Scrubber can be defined as a destructive preprocessor. In other words, it changes the text as loaded in ways that potentially make mapping the results onto the original text potentially impossible. It is therefore best used before other procedures so that the scrubbed text is essentially treated as the "original" text. The importance of this will be seen below when we see the implementation of the tokeniser. But, to be short, the Lexos API differs from the web app in that Scrubber does not play a role in tokenisation by separating tokens by whitespace.

Scrubbing works by applying a single function or a pipeline of functions to the text. As a reminder, we need to load the scrubber components registry with

from lexos.scrubber.registry import scrubber_components, load_components

Scrubber Components¤

Scrubber components are divided into three categories:

  1. Normalize components are used to manipulate text into a standardized form.
  2. Remove components are used to remove strings and patterns from text.
  3. Replace components are used to replace strings and patterns in text.

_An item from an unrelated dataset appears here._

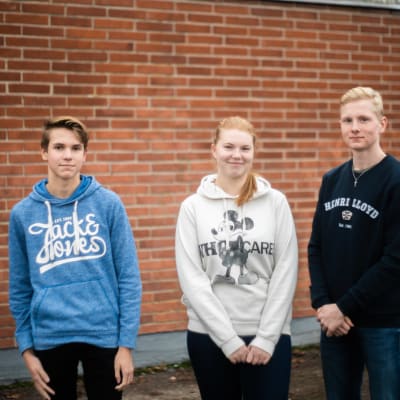 Tre studerande står framför en tegelvägg. Samuel Berg (t.v.), Rebecca Sandfors och Robin Forsman.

Follow these links to view all of the default scrubber components.

Loading Scrubber Components¤

Components must be loaded before they can be used. We can load them individually, as in the first example below, or we can specify multiple components in a tuple, as in the second example. In both cases, the returned variable is a function, which we can then feed to a scrubbing pipeline.

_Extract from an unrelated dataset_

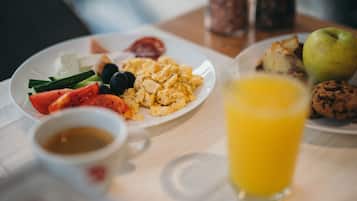 A breakfast setting with plates of scrambled eggs, tomatoes, black olives, and a green apple. There is a glass of orange juice and a cookie on the table.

# Load a single component from the registry
lower_case = scrubber_components.get("lower_case")

or

lower_case = load_component("lower_Case")

Or, if you want to do several at once:

punctuation, remove_digits = load_components(("punctuation", "digits"))

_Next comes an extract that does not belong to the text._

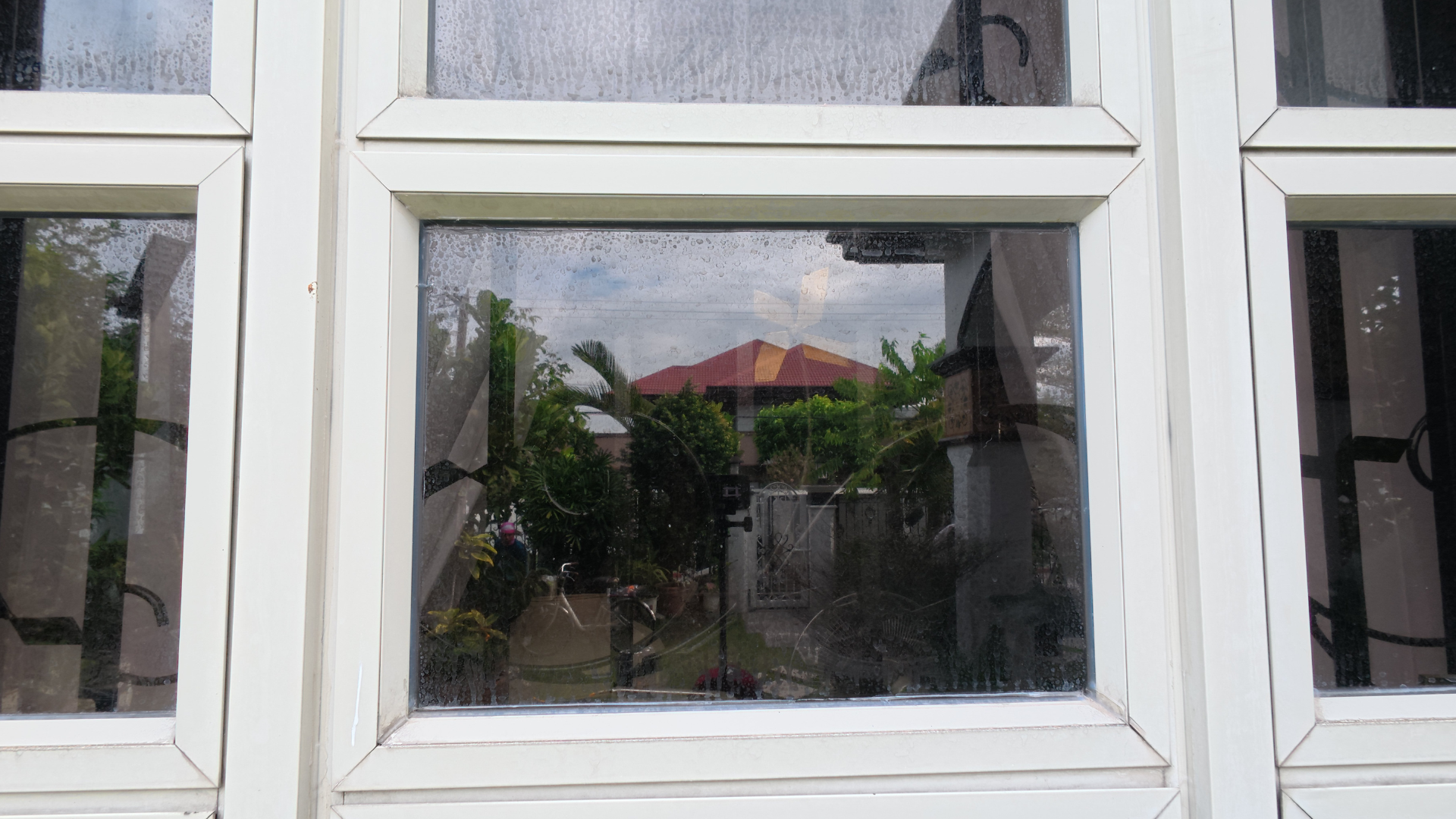Close-up of a streaky, dirty residential glass window before professional exterior softwash cleaning.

In the first example, a component is loaded using the registry's built-in get method. It is also possible to load a single component with the registry's load_component() helper function. There is a parallel load_components() function for multiple components.

Using Components¤

Loaded component functions can be called like any normal function. For example: scrubbed_text = remove_digits("Lexos123", only=["2", "3"]) will return "Lexos1".

If you are intending to apply multiple components to a single piece of text, the more efficient method is to use a pipeline.

Making a Pipeline¤

Now let's make the pipeline. We simply feed our component function names into the make_pipeline() function in the order we want them to be implemented. Notice that remove_digits has to be passed through the pipe() function. This is because the digits function requires extra arguments, and pipe() allows those arguments to be passed to the main pipeline function.

# Make the pipeline
scrub = make_pipeline(
    lower_case,
    punctuation,
    pipe(remove_digits, only=["1"])
)

The value returned is a function that implements the full pipeline when called on a text, as shown below.

# Scrub the text
scrubbed_text = scrub("Lexos is the number 12 text analysis tool!!")

This will return "lexos is the number 2 text analysis tool".

Custom Scrubbing Components¤

Users can write and use custom scrubbing functions. The function is written like a normal function, and to use it like a scrubber component it must be added to the registry. Below is an example with a custom title_case function.

# Define the custom function
def title_case(text: str) -> str:
    """Our custom function to convert text to title case."""
    return text.title()

# Register the custom function
scrubber_components.register("title_case", func=title_case)

Users can add whatever scrubbing functions they want. For development purposes, we can start by creating custom functions, and, if we use them a lot, migrate them to the permanent registry.

Important

To use a custom scrubbing function, you must register it before you call load_component() or load_components().